Creating safe spaces

By San Diego Community College District

Districtwide programs and initiatives aim to increase awareness and promote inclusion so that all members of the LGBTQ+ community may thrive

“Community isn’t just something you find, virtually or otherwise,” penned San Diego Miramar College alum Edward Borek in his 2021 short story titled “To Find Community.” “And that’s because, to find community, you have to build community.”

And that is exactly what Borek set out to do during his time as a Jet and now as an employee.

When he enrolled at Miramar College in fall 2020, isolation resulting from the pandemic was very evident in his life. Borek, who had been laid off from his job that summer and was living alone, said that he was desperate to find some sort of community.

“Everyone was feeling the pangs of pandemic loneliness,” he said. Knowing school was continuing on virtually, he decided to reach out to every Miramar College club he could.
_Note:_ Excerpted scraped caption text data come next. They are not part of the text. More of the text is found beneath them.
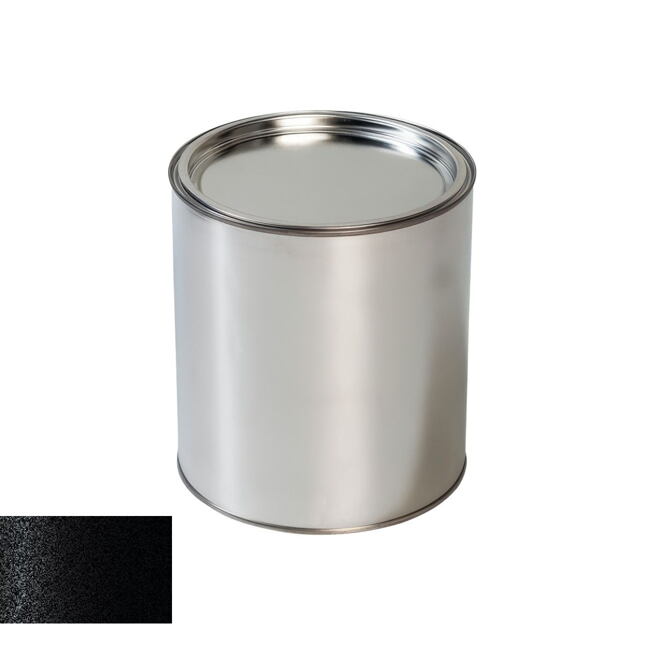 Mercedes 9191 KOSMOSSCHWARZ MET pištoľ na autolak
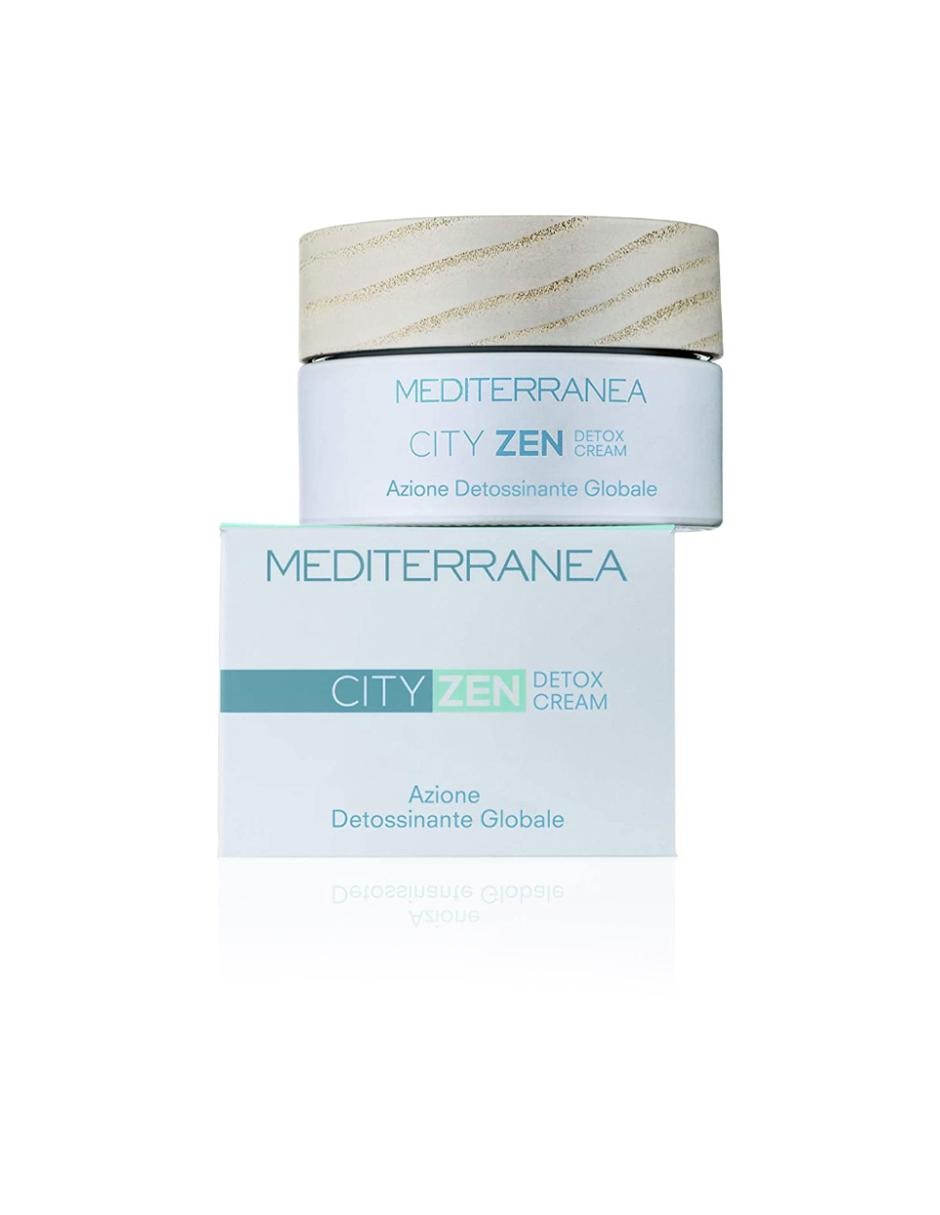 Crema facial recomendada para antioxidante de día y noche para todo tipo piel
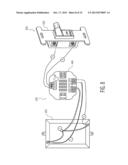 LOW VOLTAGE TOUCH PANEL diagram and image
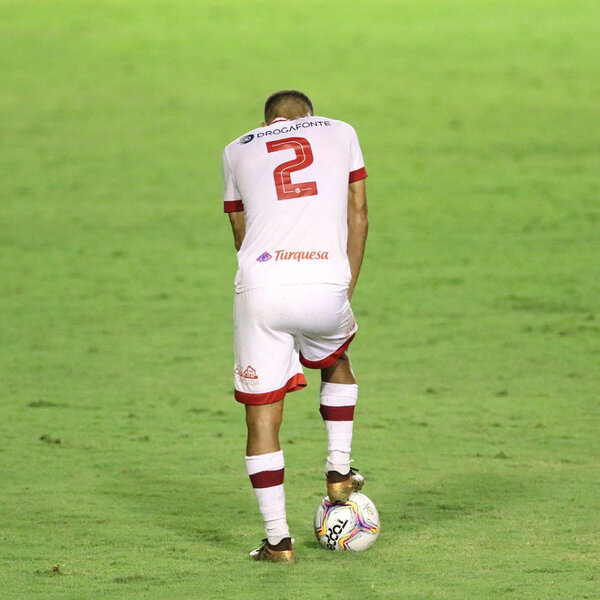 Destaque do Náutico, Jean Carlos termina Série B como segundo jogador mais  decisivo - Esportes DP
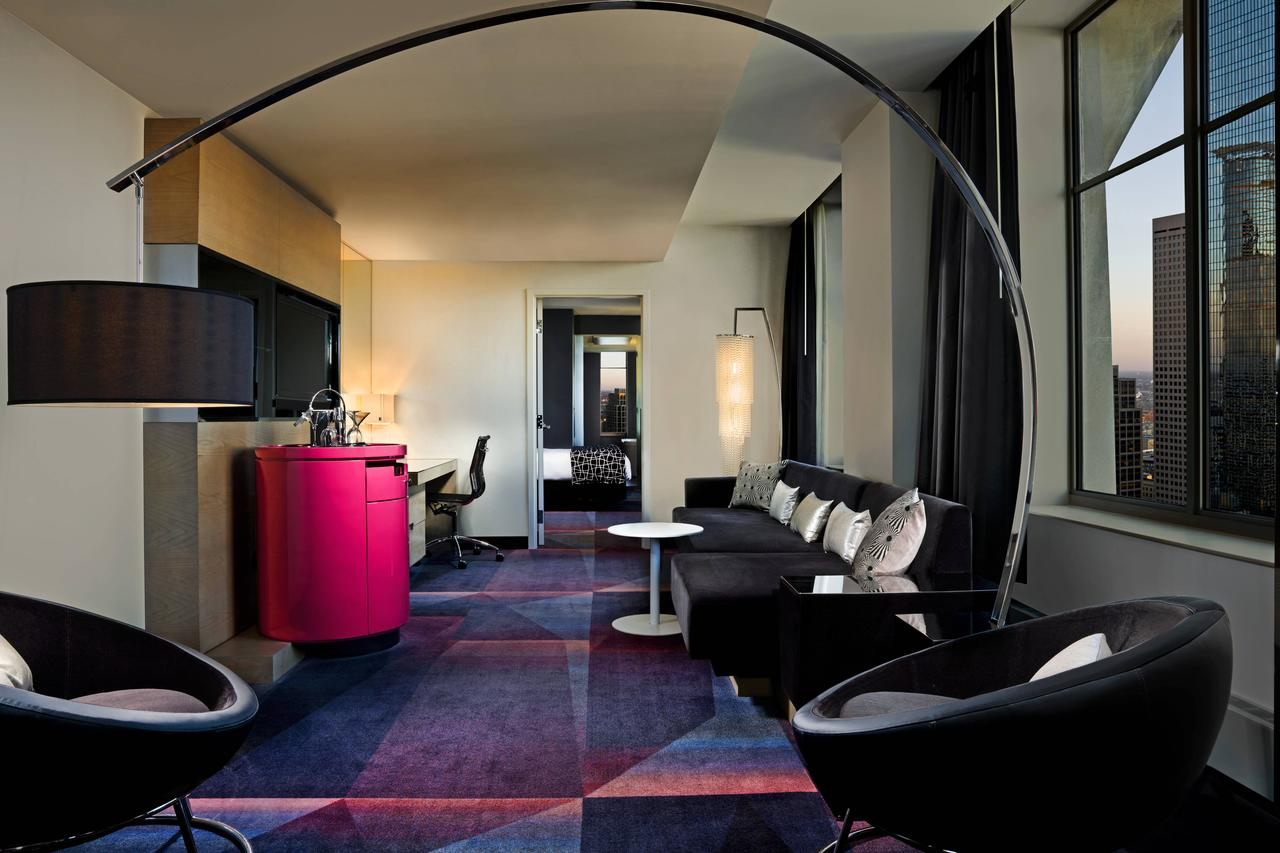 W Minneapolis - The Foshay - thumb 13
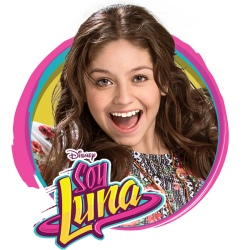 Soy Luna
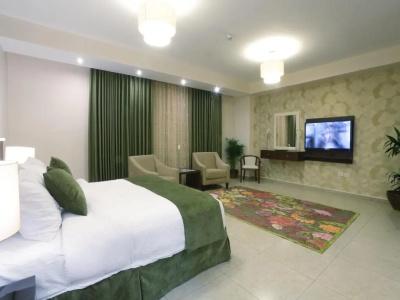 City Rose Suites - 240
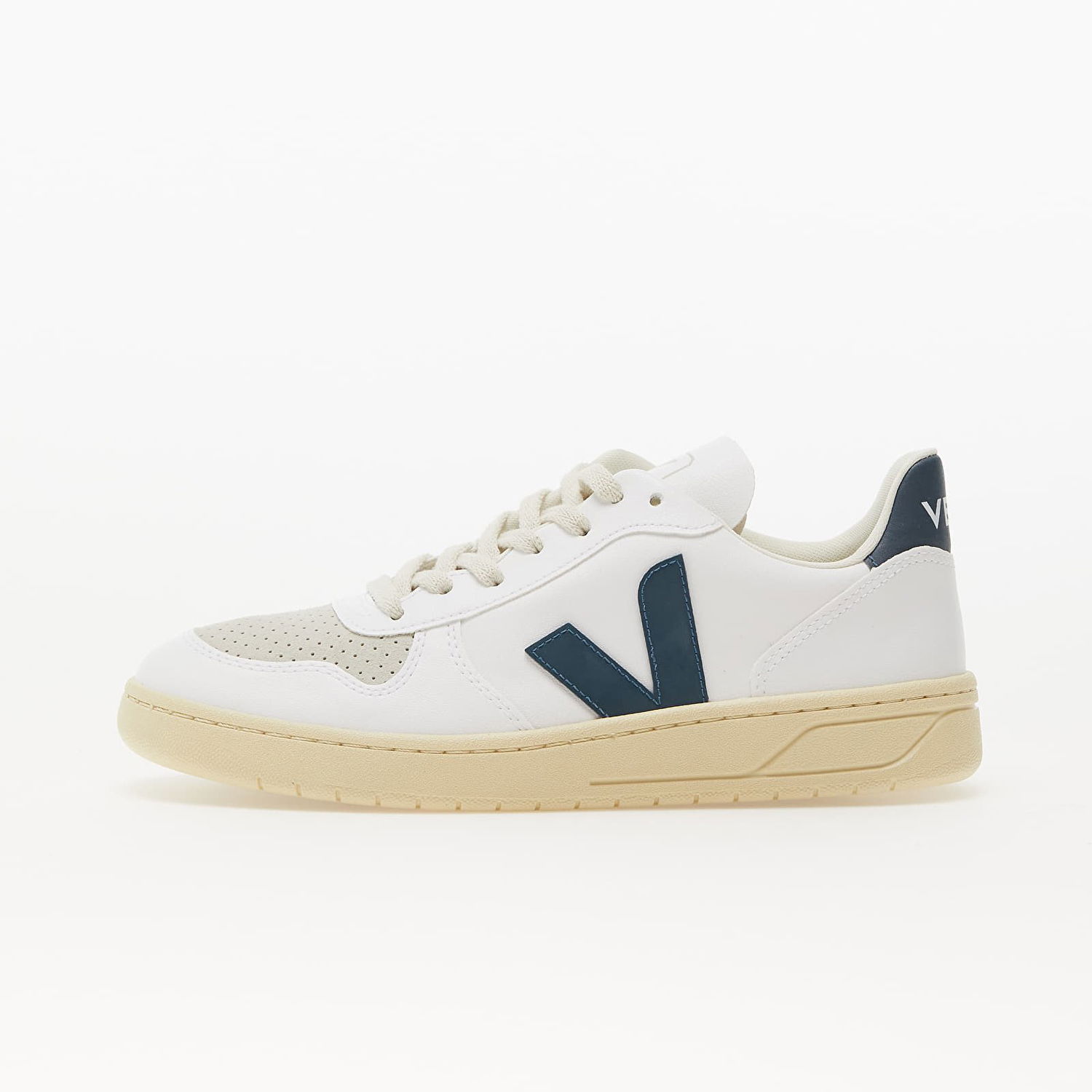 Tenisky a topánky Veja V-10 Biela | VX0703272B, 0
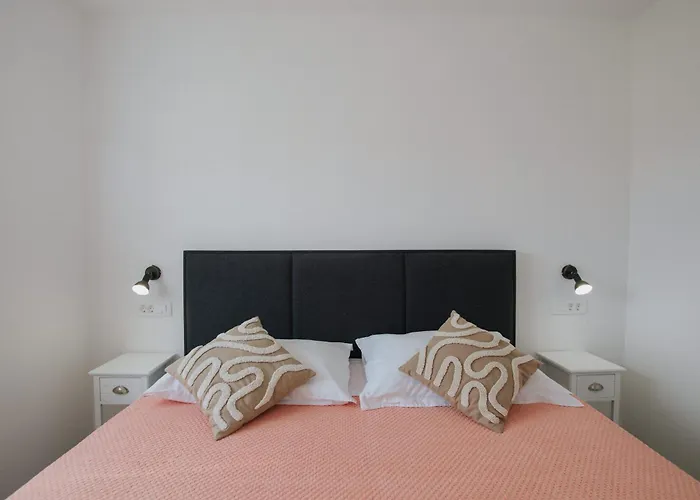 Luxury Marija Apartman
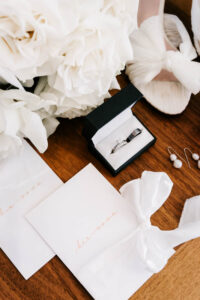 Professional videography photography and drone footage for weddings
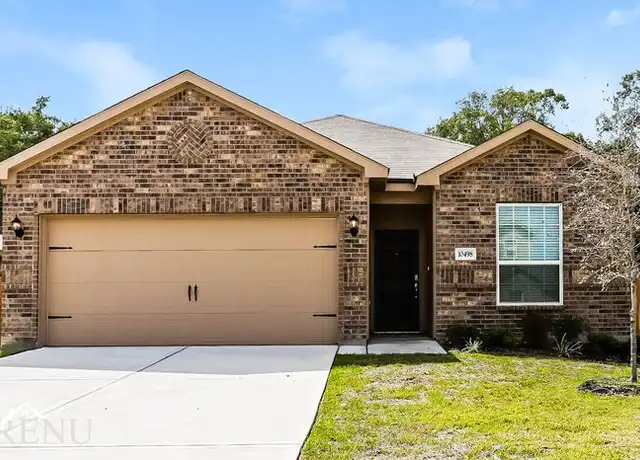 Property at 10498 Sweetwater Creek Dr, Cleveland, TX, 77328, 3 beds, 2 baths, [object Object]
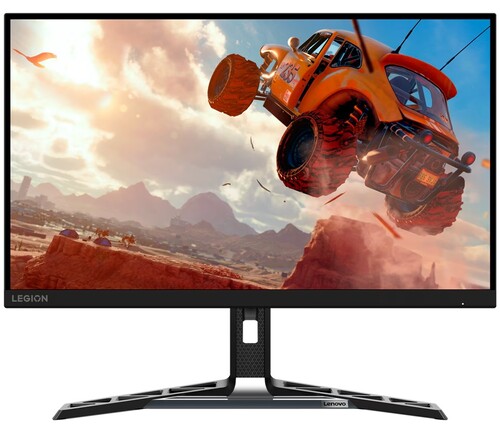 Купить 27" Монитор Lenovo Legion R27qe черный в интернет-магазине DNS. Характеристики, цена Lenovo Legion R27qe | 5465256.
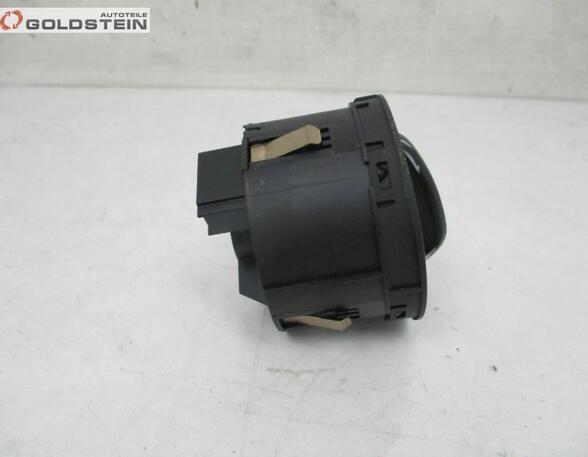 Headlight Light Switch AUDI A6 Avant (4F5, C6)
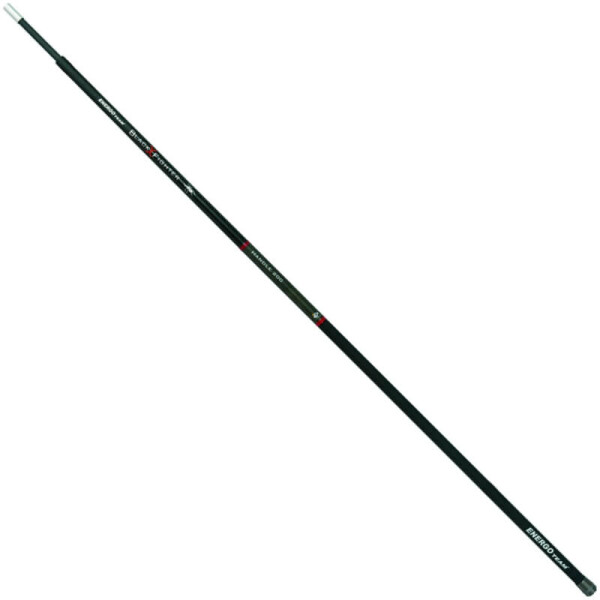 

Ручка к подсаку Energo Team Black Spider Tele 3,00m (71077300)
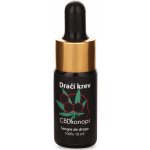 Bailly Dračí krev 10 ml – Hledejceny.cz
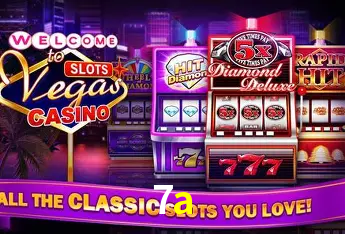 7a: A Experiência de Casino com Jogos de Mesa ao Vivo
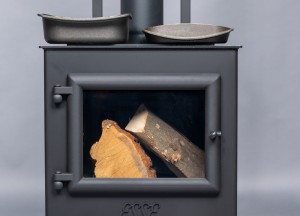 Esse GardenStove buitenkachel en bbq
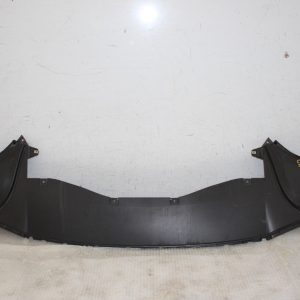 VW ID3 Front Bumper Under Tray 2021 TO 2023 10A805915 Genuine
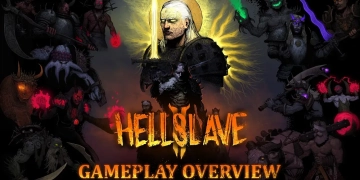 HellSlave II cover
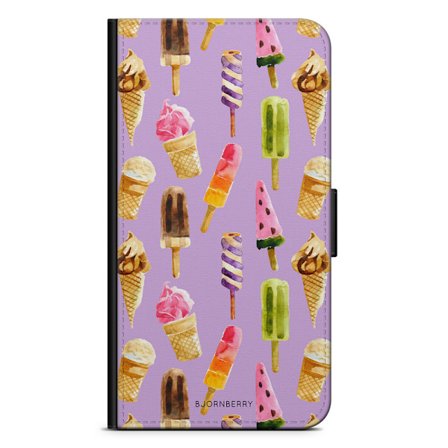 Bjornberry Fodral iPhone 12 Pro Max - Glass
That is when he met Laura González, a professor and the faculty advisor for the college’s Club Spectrum, a LGBTQ+ student organization, who invited him to a club meet-and-greet event online.

While the first Zoom meeting had many attendees, subsequent encounters became just Borek and another student. So, Borek took it upon himself to help build up the community by promoting the group during other club and student government meetings and creating a website for Club Spectrum.

Eventually, he went on to become the club’s president, as well as the college’s Associated Student Government president and a student representative on the San Diego Community College District’s board of trustees and Miramar College’s LGBTQ+ Alliance, a student and employee advocacy committee. It was in these positions where Borek was able to further advocate for the LGBTQ+ community, including an added amendment in the ASG constitution to recognize preferred pronouns and increased availability of gender-neutral bathrooms — of which there are currently five at Miramar College and more than 30 districtwide.

“A lot of work had been laid out before me,” he said. “Bringing Club Spectrum, as well as the LGBTQ+ Alliance and the District Queer Alliance, into the fold — recognizing them as important stakeholders — was important to me.”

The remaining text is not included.